Her gift didn’t come easily. At the age of eight, Maya was raped. After telling her family, her attacker was beaten to death. Maya stopped speaking for years, turning instead to reading and writing poetry. A teacher introduced her to Shakespeare, whose “The Rape of Lucrece” helped her have the courage to speak again. She studied dance and drama, but dropped out of high school at 14. At 17, around the time she had a son, and went back to complete her degree. A young, single mother, she worked as a stripper to support her family. Over time, she began to sing and dance again, touring in a production of Porgy and Bess and meeting people like Billie Holliday. She renamed herself Maya Angelou. Eventually, she became a poet. Her bestselling memoirs of growing up black and female made her a beloved American storyteller, with her “seemingly boundless optimism in the face of hardship (Bloomberg).”
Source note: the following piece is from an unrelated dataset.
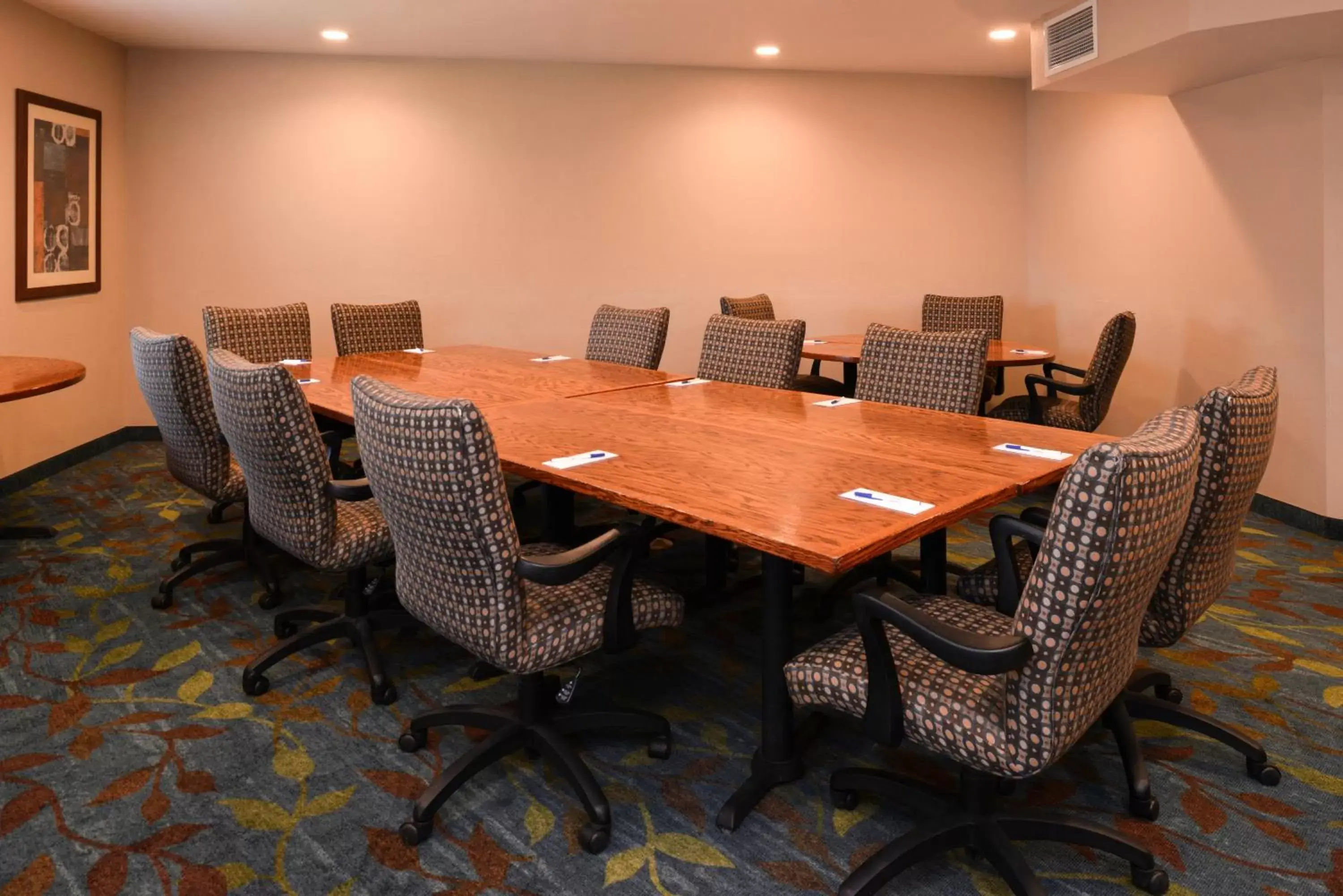 Meeting/conference room in Candlewood Suites Boise - Towne Square, an IHG Hotel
But back then, in 1970, before she’d read her poetry at Clinton’s inaguration and became a national treasure, she spoke of how the power of her words had frightened her as a child–she’d believed they had the power to take life. Well, they did. Her rapist was killed, presumably by angry family members. She was a truth-teller. And when you’ve been through the fire, your words, your truth, have a power that is unsilenceable.

And what power that woman’s words had to this little awestruck white girl sitting on the floor at Malcolm X School auditorium in Berkeley, 1970.

Unknown

My life could not have been more different than hers. At eight years old, I was scrawny, Jewish, with self-cut bangs and a wandering eye that required an eye patch (No, I did not believe the Moshe Dayan look was cool). But mainly, I was a girl who often got the shit beaten out of me. This I later came to understand was considered “payback” for all the horrors whites had inflicted on blacks for centuries. I know it made me stronger. I know it made me empathise with the suffering of others. But back then, I only knew that it sucked being me.
Until Maya.

She had every reason to be bitter and hardened. But she wasn’t. When she was asked why she never became embittered, she said that she had “always felt loved.” When she came to us at Malcolm X, I knew there had to be a way to live together. She modelled how to turn the straw of your life into gold. She showed us to lift others up with you when you flew.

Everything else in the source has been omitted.